Data to use START

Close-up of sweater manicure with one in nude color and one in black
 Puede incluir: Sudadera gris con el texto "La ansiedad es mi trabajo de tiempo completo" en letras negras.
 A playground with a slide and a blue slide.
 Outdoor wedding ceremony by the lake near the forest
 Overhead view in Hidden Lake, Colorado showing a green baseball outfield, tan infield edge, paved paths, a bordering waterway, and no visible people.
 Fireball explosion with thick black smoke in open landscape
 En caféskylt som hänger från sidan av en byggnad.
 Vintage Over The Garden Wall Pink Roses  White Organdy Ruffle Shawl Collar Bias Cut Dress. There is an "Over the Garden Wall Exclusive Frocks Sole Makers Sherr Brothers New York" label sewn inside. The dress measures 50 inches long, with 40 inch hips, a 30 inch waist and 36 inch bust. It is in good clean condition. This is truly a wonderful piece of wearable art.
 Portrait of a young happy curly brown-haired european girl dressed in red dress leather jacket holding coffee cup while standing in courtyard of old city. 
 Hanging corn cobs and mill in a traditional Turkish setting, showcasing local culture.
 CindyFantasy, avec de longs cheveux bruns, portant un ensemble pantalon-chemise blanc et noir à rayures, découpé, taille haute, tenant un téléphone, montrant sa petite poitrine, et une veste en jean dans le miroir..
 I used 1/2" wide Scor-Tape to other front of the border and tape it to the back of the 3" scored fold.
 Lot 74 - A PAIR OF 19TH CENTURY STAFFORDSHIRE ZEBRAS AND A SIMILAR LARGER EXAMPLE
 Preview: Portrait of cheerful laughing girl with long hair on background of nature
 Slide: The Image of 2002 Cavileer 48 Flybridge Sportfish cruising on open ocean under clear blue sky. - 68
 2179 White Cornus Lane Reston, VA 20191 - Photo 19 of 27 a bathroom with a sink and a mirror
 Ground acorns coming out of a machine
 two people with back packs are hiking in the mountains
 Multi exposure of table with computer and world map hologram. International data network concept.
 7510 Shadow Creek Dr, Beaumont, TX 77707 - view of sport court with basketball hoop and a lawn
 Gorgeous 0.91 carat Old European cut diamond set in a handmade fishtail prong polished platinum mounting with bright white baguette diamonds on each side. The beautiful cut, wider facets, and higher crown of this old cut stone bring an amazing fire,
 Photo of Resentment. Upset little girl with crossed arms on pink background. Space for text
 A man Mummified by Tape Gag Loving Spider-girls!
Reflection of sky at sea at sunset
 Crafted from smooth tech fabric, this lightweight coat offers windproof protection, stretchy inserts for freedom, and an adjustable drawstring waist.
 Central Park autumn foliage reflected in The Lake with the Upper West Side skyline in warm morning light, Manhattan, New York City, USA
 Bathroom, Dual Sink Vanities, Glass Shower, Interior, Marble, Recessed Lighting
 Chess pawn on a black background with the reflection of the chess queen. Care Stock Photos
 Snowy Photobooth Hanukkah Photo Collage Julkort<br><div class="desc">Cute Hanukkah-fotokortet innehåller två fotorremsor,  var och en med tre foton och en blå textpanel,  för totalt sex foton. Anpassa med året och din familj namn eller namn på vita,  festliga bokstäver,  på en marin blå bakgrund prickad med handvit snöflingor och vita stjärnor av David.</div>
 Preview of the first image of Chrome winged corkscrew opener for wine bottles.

Data to use END

## Task to carry out
Copy every record exactly, leaving each line intact.

## Result for this task
Close-up of sweater manicure with one in nude color and one in black
 Puede incluir: Sudadera gris con el texto "La ansiedad es mi trabajo de tiempo completo" en letras negras.
 A playground with a slide and a blue slide.
 Outdoor wedding ceremony by the lake near the forest
 Overhead view in Hidden Lake, Colorado showing a green baseball outfield, tan infield edge, paved paths, a bordering waterway, and no visible people.
 Fireball explosion with thick black smoke in open landscape
 En caféskylt som hänger från sidan av en byggnad.
 Vintage Over The Garden Wall Pink Roses  White Organdy Ruffle Shawl Collar Bias Cut Dress. There is an "Over the Garden Wall Exclusive Frocks Sole Makers Sherr Brothers New York" label sewn inside. The dress measures 50 inches long, with 40 inch hips, a 30 inch waist and 36 inch bust. It is in good clean condition. This is truly a wonderful piece of wearable art.
 Portrait of a young happy curly brown-haired european girl dressed in red dress leather jacket holding coffee cup while standing in courtyard of old city. 
 Hanging corn cobs and mill in a traditional Turkish setting, showcasing local culture.
 CindyFantasy, avec de longs cheveux bruns, portant un ensemble pantalon-chemise blanc et noir à rayures, découpé, taille haute, tenant un téléphone, montrant sa petite poitrine, et une veste en jean dans le miroir..
 I used 1/2" wide Scor-Tape to other front of the border and tape it to the back of the 3" scored fold.
 Lot 74 - A PAIR OF 19TH CENTURY STAFFORDSHIRE ZEBRAS AND A SIMILAR LARGER EXAMPLE
 Preview: Portrait of cheerful laughing girl with long hair on background of nature
 Slide: The Image of 2002 Cavileer 48 Flybridge Sportfish cruising on open ocean under clear blue sky. - 68
 2179 White Cornus Lane Reston, VA 20191 - Photo 19 of 27 a bathroom with a sink and a mirror
 Ground acorns coming out of a machine
 two people with back packs are hiking in the mountains
 Multi exposure of table with computer and world map hologram. International data network concept.
 7510 Shadow Creek Dr, Beaumont, TX 77707 - view of sport court with basketball hoop and a lawn
 Gorgeous 0.91 carat Old European cut diamond set in a handmade fishtail prong polished platinum mounting with bright white baguette diamonds on each side. The beautiful cut, wider facets, and higher crown of this old cut stone bring an amazing fire,
 Photo of Resentment. Upset little girl with crossed arms on pink background. Space for text
 A man Mummified by Tape Gag Loving Spider-girls!
Reflection of sky at sea at sunset
 Crafted from smooth tech fabric, this lightweight coat offers windproof protection, stretchy inserts for freedom, and an adjustable drawstring waist.
 Central Park autumn foliage reflected in The Lake with the Upper West Side skyline in warm morning light, Manhattan, New York City, USA
 Bathroom, Dual Sink Vanities, Glass Shower, Interior, Marble, Recessed Lighting
 Chess pawn on a black background with the reflection of the chess queen. Care Stock Photos
 Snowy Photobooth Hanukkah Photo Collage Julkort<br><div class="desc">Cute Hanukkah-fotokortet innehåller två fotorremsor,  var och en med tre foton och en blå textpanel,  för totalt sex foton. Anpassa med året och din familj namn eller namn på vita,  festliga bokstäver,  på en marin blå bakgrund prickad med handvit snöflingor och vita stjärnor av David.</div>
 Preview of the first image of Chrome winged corkscrew opener for wine bottles.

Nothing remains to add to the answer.